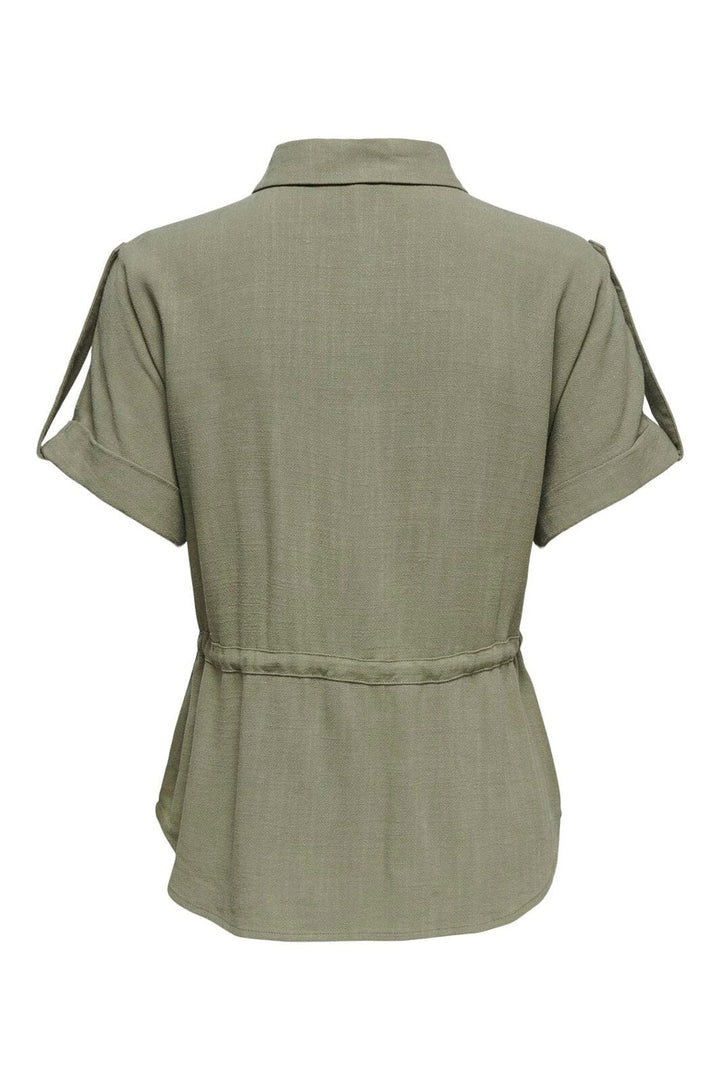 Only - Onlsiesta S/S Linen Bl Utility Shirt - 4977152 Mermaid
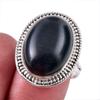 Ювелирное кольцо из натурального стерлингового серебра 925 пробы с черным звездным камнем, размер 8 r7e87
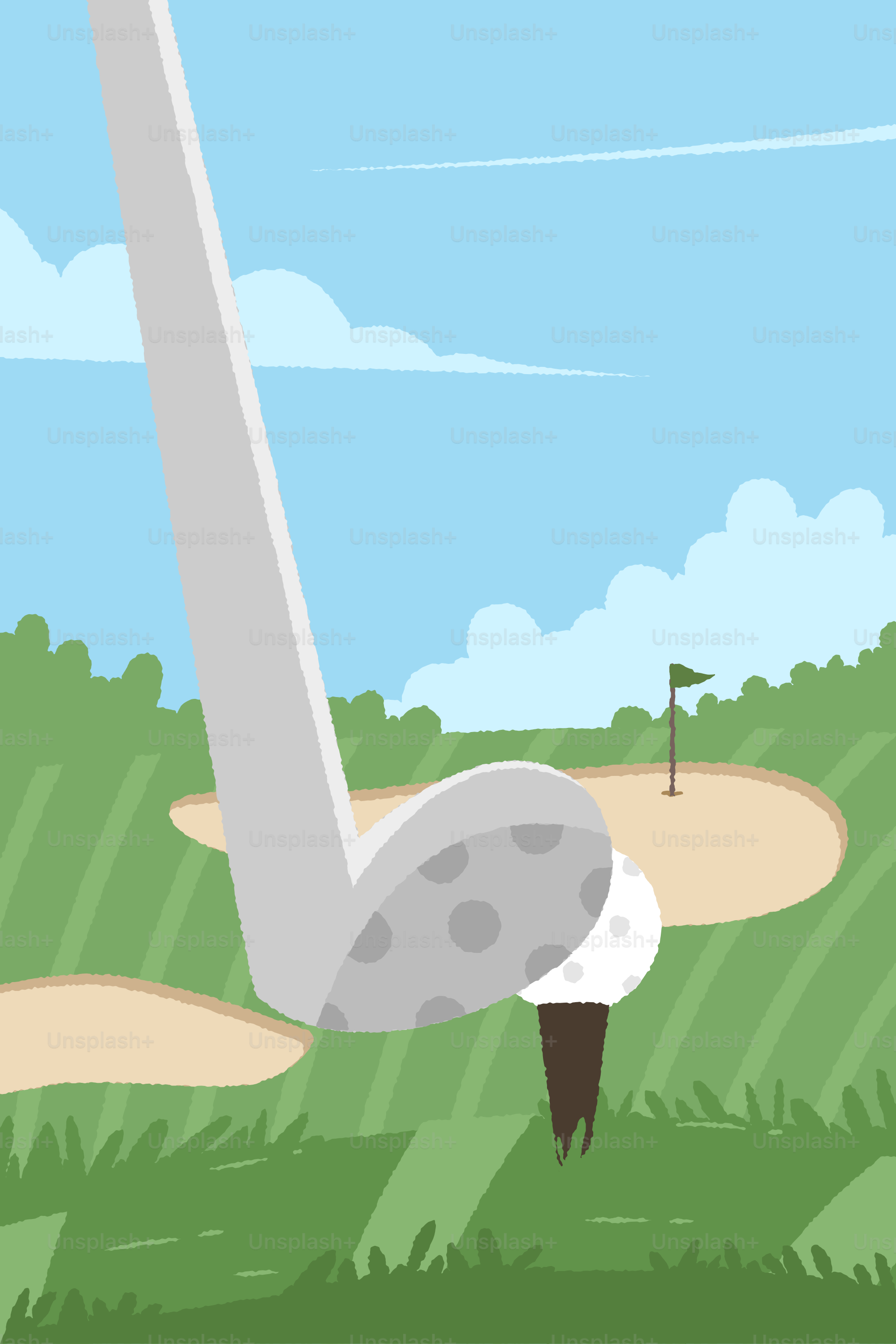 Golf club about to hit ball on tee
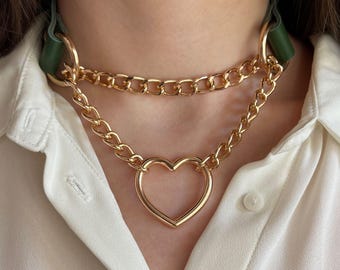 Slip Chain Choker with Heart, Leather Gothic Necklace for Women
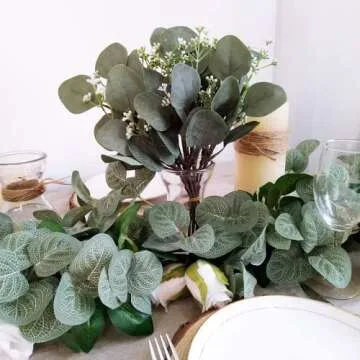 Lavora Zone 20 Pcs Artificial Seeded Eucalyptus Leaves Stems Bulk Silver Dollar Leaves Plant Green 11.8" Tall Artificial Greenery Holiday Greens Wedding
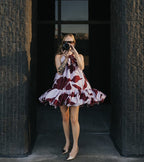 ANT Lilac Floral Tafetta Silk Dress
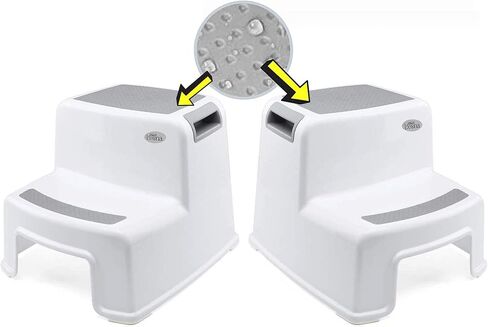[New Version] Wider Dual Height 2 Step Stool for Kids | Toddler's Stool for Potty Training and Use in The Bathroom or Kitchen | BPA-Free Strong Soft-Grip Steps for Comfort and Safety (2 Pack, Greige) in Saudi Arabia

----------------------------------------

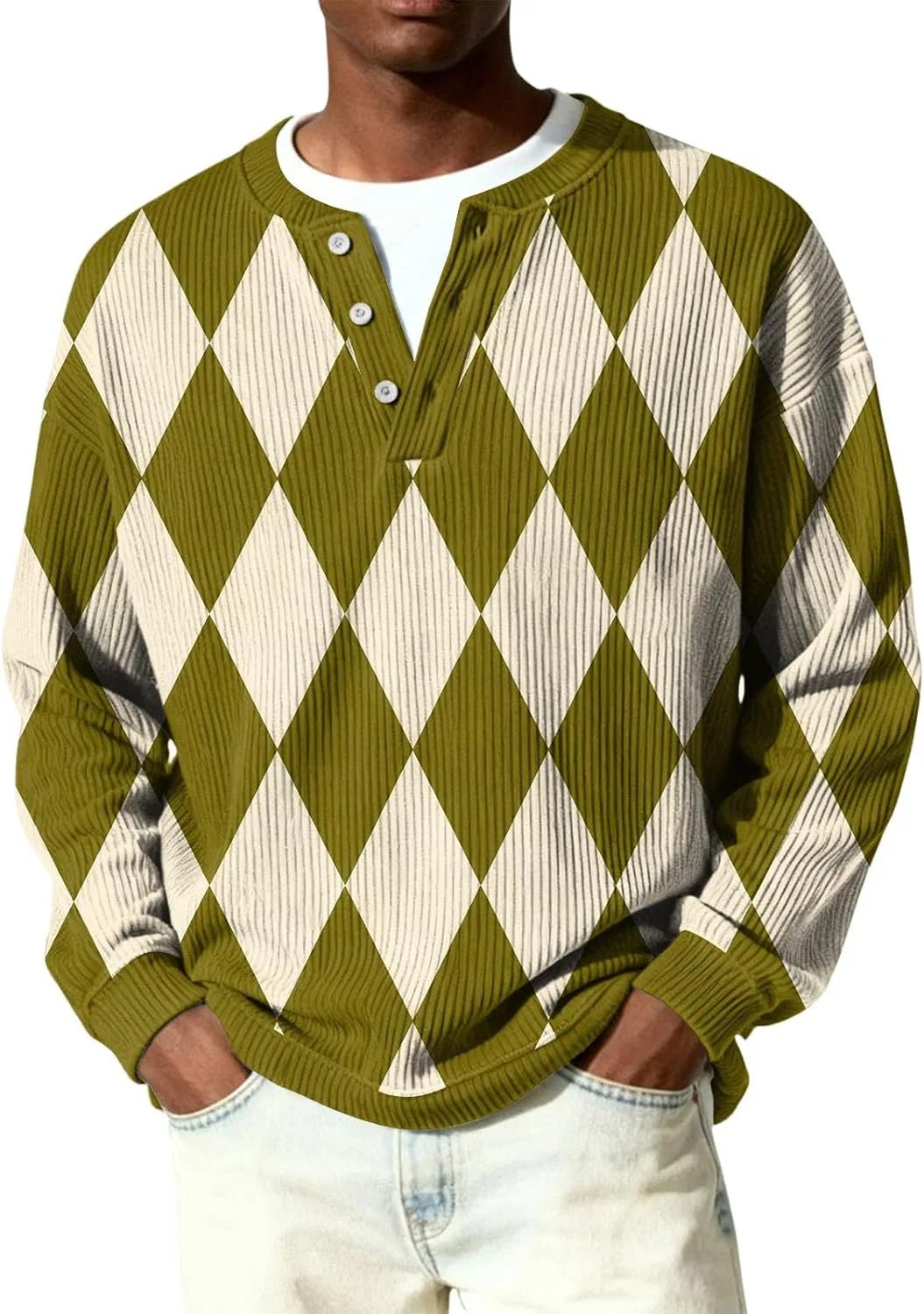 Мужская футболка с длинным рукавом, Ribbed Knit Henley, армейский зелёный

----------------------------------------

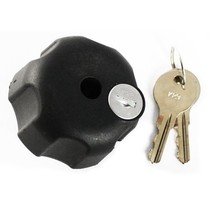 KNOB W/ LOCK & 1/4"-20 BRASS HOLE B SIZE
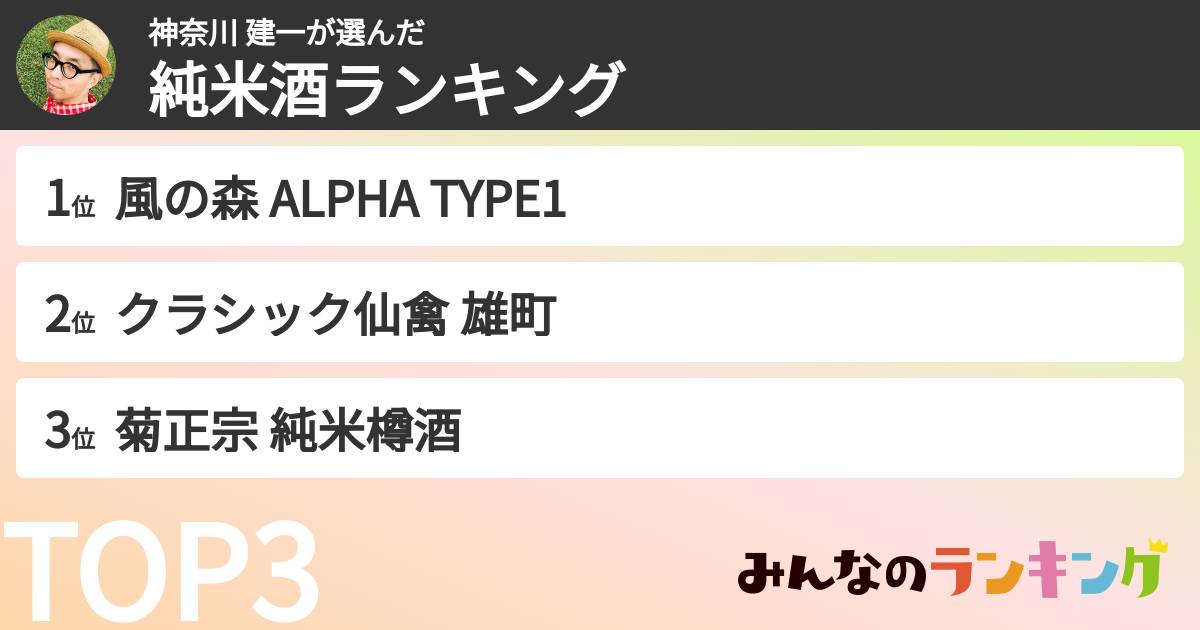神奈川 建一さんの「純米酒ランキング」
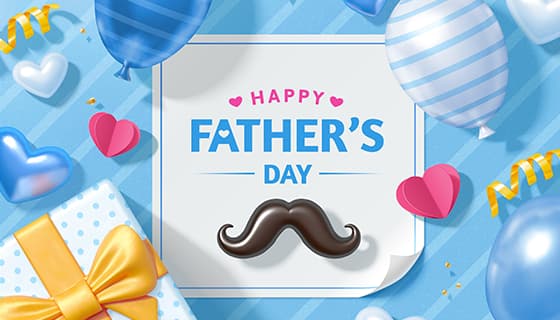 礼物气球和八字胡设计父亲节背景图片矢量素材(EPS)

----------------------------------------

- What you should do
Copy out exactly the lines above beginning with the line that contains "Only - Onlsiesta" and finishing with the line that contains "ANT Lilac Floral Tafetta Silk Dress", including both; leave the pictures out.

- Solution
 Only - Onlsiesta S/S Linen Bl Utility Shirt - 4977152 Mermaid
 Ювелирное кольцо из натурального стерлингового серебра 925 пробы с черным звездным камнем, размер 8 r7e87
 Golf club about to hit ball on tee
 Slip Chain Choker with Heart, Leather Gothic Necklace for Women
 Lavora Zone 20 Pcs Artificial Seeded Eucalyptus Leaves Stems Bulk Silver Dollar Leaves Plant Green 11.8" Tall Artificial Greenery Holiday Greens Wedding
 ANT Lilac Floral Tafetta Silk Dress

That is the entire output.